Critiqu : Il est des films tout entiers contenus dans leur résumé ; d’autres, dont Elisa, mon amour, l’excèdent en une floraison d’interprétations multiples, qui sont autant de pistes sans qu’aucune ne soit privilégiée. C’est qu’à partir d’un schéma simple, voire simpliste (une femme en pleine crise conjugale se rapproche de son père qui va mourir), Saura, qui est à la fois scénariste, dialoguiste, et, bien sûr, réalisateur, construit un monde sensible et cohérent, mais bâti sur une vision du monde personnelle, et, par là-même, universelle.
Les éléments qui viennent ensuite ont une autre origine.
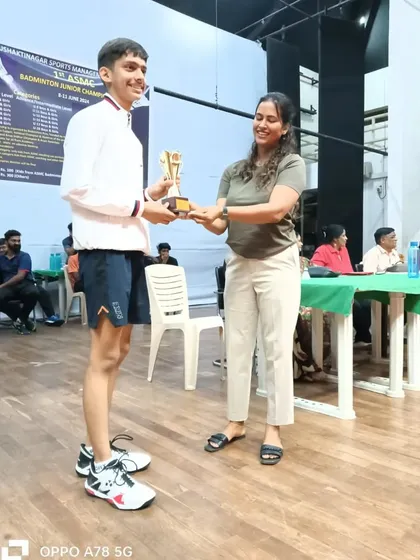 Anmol receiving one of his championship trophies. We focus on developing a winning mindset that helps our players perform under pressure.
On pourrait commencer par tirer un fil théorique et voir le film comme une contestation du cinéma classique : un narrateur fluctuant, des séquences de fantasmes, de souvenirs ou d’une histoire alternative mises au même niveau que la « réalité ». C’est la narration elle-même qui est déstabilisée, reflet d’une incertitude face à l’existence. Mais ces procédés divers n’ont rien de froidement abstrait : ils servent à approfondir la complexité humaine ; on pense souvent à Bergman, dans cette étude d’une psyché féminine, mais un Bergman presque dépourvu de cruauté, plus mélancolique et sensible. Tout ici est chuchoté, à un moment hystérique près, et même le long dialogue dans la voiture, d’une dureté extrême, est calme et retenu. Comme dans d’autres de ses films, Saura travaille la mémoire et l’identité. Qui sommes-nous ? Somme-nous réductibles à une masse de souvenirs et d’affects ? Que prenons-nous aux autres ? À ces questions, évidemment, Elisa, mon amour ne répond pas, mais, en une subtile interrogation, il nous met face à nous-mêmes et à des sentiments aussi universels que le deuil, la souffrance de la séparation. On connaît peu de séquences aussi émouvantes dans leur nudité que celle de la découverte du père mort ; on connaît peu de séquences aussi explicites que celle dans laquelle Elisa retire un masque tout aussi réel que symbolique. Quant aux dialogues, qui mêlent citations poétiques et théâtrales et répliques du quotidien, ils disent sans insister la complexité qui nous fonde : là encore, quoi de plus banal que cette toute petite phrase : « La vie, ça use ». Mais il faut un sacré sens du cinéma, du dialogue et du rythme pour qu’elle paraisse nécessaire et émouvante.
Pour porter ces personnages complexes, Saura a fait appel à sa muse, Geraldine Chaplin, et à l’immense Fernando Rey, habitué de Buñuel. Et c’est peu dire qu’ils habitent leur rôle ; elle, passant de l’amusement enfantin à la femme indécise, jouant le rôle de la mère de manière immédiatement convaincante ; lui, impérial, suggérant d’une pause un égoïsme masqué, soliloquant avec un naturel confondant. Rien pour autant qui évoque les « performances » à Oscars : on est dans la sensibilité la plus nuancée, même si Rey obtint le prix d’interprétation à Cannes, et on ne peut que rendre hommage à la clairvoyance du jury.
On n’en finirait pas d’énumérer les beautés de ce film qui réussit à rester simple et lisible, malgré une extraordinaire complexité souterraine. L’émotion surgit souvent de manière inattendue, comme dans ce regard d’Elisa enfant qui « voit » Elisa adulte, sans cesse soutenue par une utilisation subtile de la musique, diégétique ou extra diégétique. Discrètement, Saura instille des éléments fantastiques qui sont autant de projections ou d’annonces et enrichissent encore en densifiant une histoire qui, paraît-il, est construite à partir d’éléments personnels. Nul besoin cependant de les connaître pour se sentir infiniment touché, au plus profond de soi, par ce chef-d’œuvre intensément humain.